(How to complete this task)
Please set down the data word for word; images do not go in the copy.

Short web captions
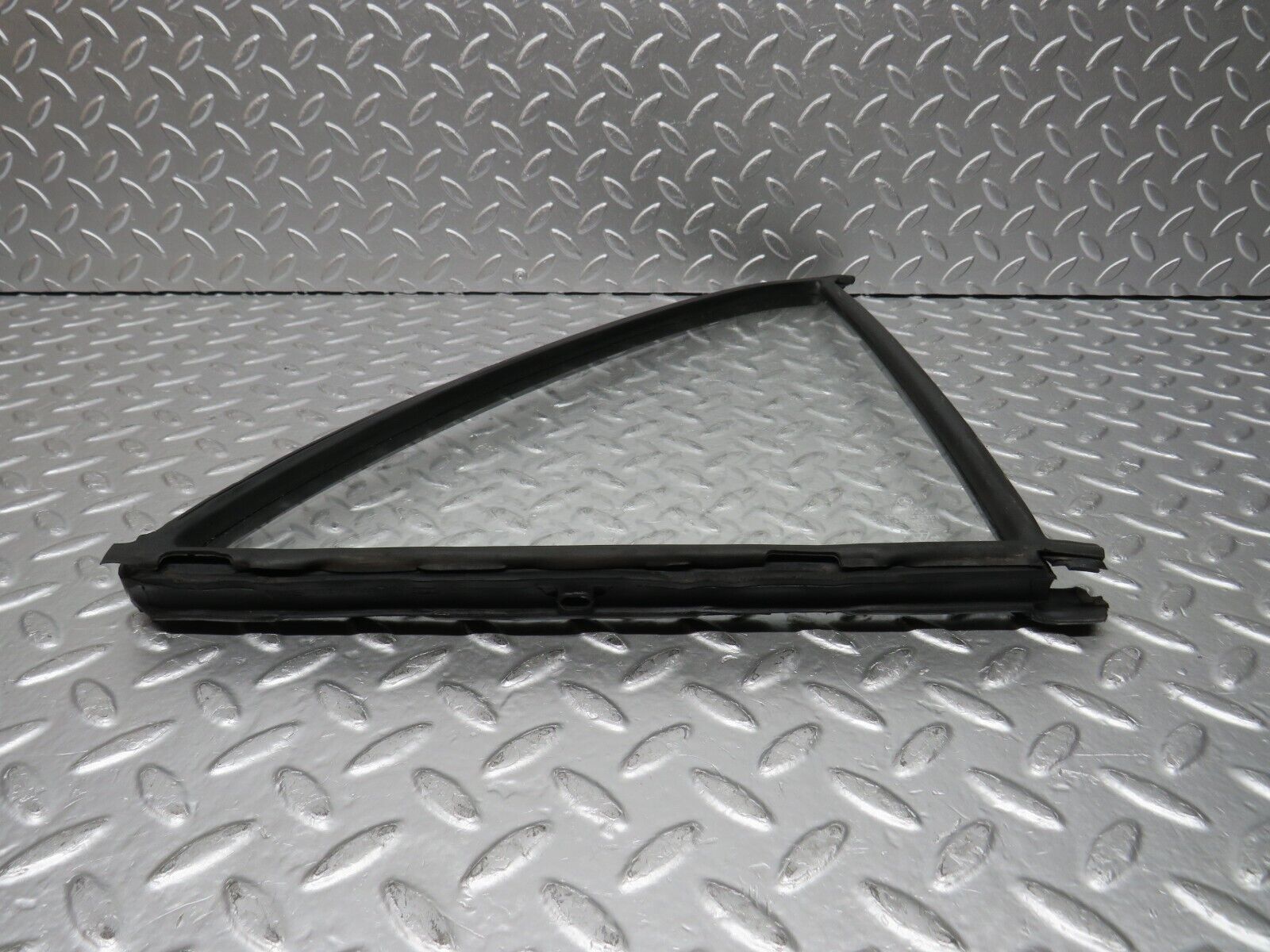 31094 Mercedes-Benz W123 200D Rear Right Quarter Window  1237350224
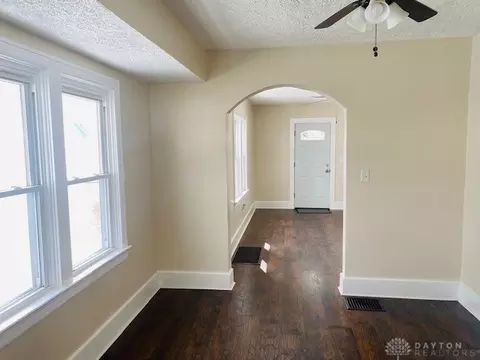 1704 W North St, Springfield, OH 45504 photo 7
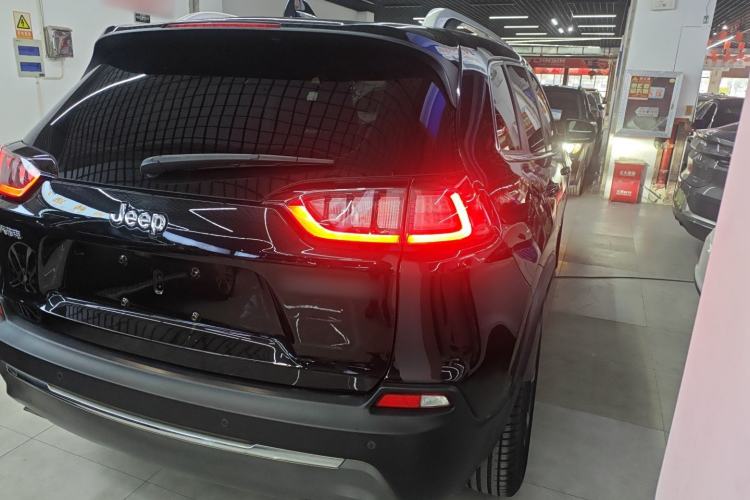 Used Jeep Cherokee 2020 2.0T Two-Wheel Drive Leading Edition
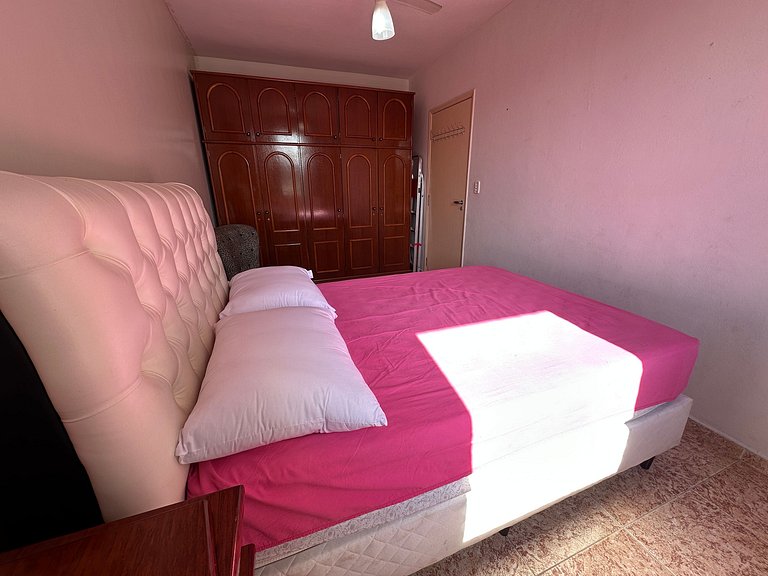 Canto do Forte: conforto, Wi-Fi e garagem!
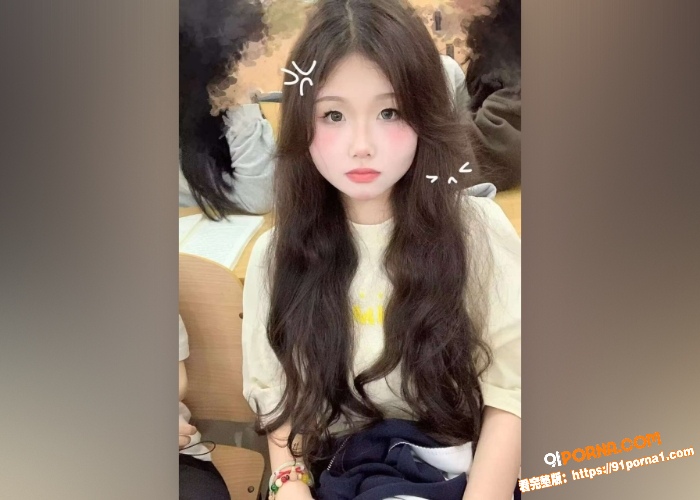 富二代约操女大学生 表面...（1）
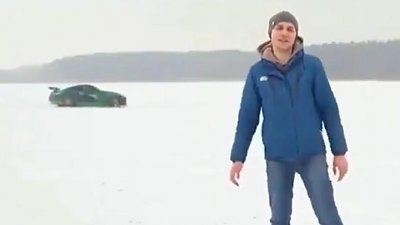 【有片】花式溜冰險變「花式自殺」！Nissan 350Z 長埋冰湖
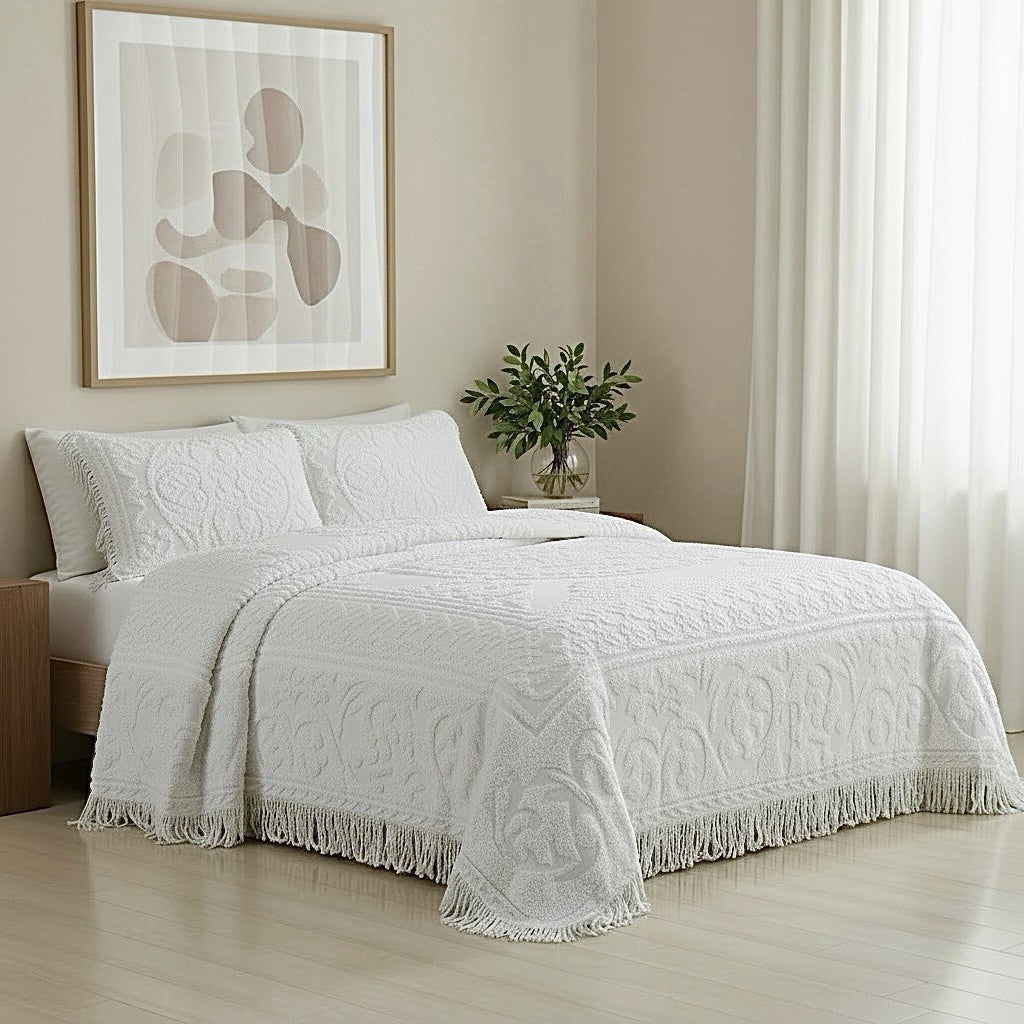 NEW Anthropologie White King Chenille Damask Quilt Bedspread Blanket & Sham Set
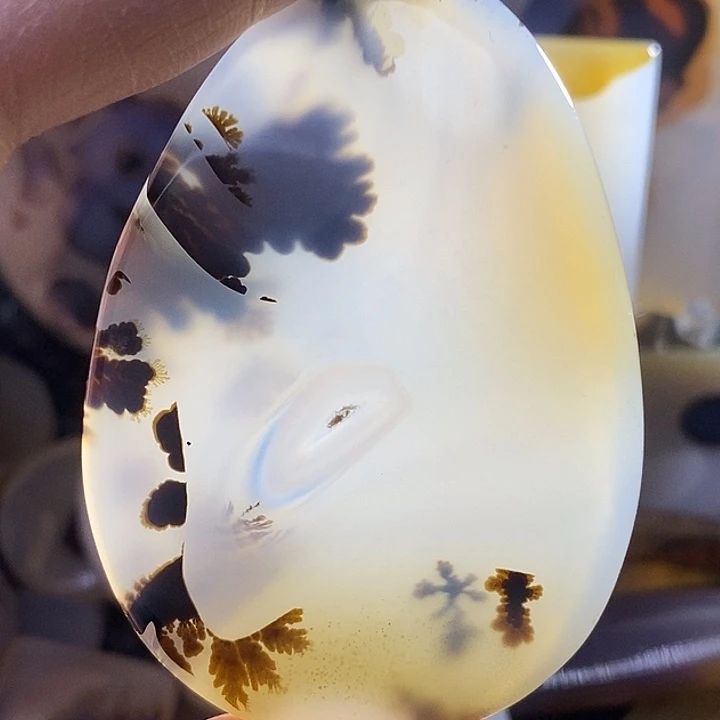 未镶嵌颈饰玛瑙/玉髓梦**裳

(Task result)
 31094 Mercedes-Benz W123 200D Rear Right Quarter Window  1237350224
 1704 W North St, Springfield, OH 45504 photo 7
 Used Jeep Cherokee 2020 2.0T Two-Wheel Drive Leading Edition
 Canto do Forte: conforto, Wi-Fi e garagem!
 富二代约操女大学生 表面...（1）
 【有片】花式溜冰險變「花式自殺」！Nissan 350Z 長埋冰湖
 NEW Anthropologie White King Chenille Damask Quilt Bedspread Blanket & Sham Set
 未镶嵌颈饰玛瑙/玉髓梦**裳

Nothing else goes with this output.